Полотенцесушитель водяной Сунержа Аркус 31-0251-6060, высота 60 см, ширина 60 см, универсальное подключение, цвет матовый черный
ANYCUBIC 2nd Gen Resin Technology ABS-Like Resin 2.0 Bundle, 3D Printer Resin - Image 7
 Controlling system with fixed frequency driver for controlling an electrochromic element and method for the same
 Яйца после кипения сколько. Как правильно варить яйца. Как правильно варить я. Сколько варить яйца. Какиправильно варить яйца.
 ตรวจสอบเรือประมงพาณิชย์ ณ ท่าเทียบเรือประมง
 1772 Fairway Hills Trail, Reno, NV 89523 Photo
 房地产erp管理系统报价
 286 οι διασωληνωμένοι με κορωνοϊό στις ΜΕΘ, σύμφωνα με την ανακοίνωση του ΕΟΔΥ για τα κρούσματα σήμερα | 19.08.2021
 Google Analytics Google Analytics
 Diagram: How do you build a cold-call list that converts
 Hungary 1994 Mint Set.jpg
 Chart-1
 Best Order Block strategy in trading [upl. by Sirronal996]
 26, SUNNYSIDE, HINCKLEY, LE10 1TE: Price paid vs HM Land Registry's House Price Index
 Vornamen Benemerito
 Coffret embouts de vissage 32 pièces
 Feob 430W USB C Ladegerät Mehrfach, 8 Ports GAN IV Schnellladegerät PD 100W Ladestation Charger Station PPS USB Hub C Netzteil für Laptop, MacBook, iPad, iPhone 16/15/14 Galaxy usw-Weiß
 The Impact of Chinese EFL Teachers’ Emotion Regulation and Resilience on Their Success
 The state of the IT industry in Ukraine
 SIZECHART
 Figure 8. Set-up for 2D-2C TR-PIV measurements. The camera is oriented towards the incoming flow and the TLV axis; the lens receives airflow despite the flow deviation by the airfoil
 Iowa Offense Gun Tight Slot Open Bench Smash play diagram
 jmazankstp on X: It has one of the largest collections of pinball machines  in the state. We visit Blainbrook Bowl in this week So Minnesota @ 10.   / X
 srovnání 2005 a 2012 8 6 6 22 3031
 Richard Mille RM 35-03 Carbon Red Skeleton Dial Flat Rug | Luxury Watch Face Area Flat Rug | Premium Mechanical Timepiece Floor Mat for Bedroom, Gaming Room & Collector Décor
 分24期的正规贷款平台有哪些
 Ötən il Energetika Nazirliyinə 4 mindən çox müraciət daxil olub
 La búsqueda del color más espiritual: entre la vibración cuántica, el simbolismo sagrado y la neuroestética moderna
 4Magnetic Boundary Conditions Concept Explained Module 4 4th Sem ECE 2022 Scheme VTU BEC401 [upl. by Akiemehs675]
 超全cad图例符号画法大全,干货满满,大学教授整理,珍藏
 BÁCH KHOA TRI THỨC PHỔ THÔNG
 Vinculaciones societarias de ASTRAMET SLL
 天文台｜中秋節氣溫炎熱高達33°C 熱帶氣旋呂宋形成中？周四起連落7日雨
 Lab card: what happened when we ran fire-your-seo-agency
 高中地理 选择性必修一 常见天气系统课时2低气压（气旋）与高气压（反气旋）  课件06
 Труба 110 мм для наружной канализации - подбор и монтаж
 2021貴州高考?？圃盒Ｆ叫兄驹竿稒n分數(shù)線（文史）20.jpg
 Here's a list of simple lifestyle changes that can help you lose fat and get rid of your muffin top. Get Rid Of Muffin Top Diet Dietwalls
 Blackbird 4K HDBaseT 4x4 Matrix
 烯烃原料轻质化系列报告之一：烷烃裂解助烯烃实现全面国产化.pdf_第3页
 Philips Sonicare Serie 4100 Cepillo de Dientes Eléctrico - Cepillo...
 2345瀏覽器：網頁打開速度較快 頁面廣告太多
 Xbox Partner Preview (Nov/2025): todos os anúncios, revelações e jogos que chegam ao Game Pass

|---|

### Problem to solve
In the reply, include exactly the lines from the beginning of the entries above through the line holding "Controlling system with", and nothing besides.

### Exercise answer
Полотенцесушитель водяной Сунержа Аркус 31-0251-6060, высота 60 см, ширина 60 см, универсальное подключение, цвет матовый черный
ANYCUBIC 2nd Gen Resin Technology ABS-Like Resin 2.0 Bundle, 3D Printer Resin - Image 7
 Controlling system with fixed frequency driver for controlling an electrochromic element and method for the same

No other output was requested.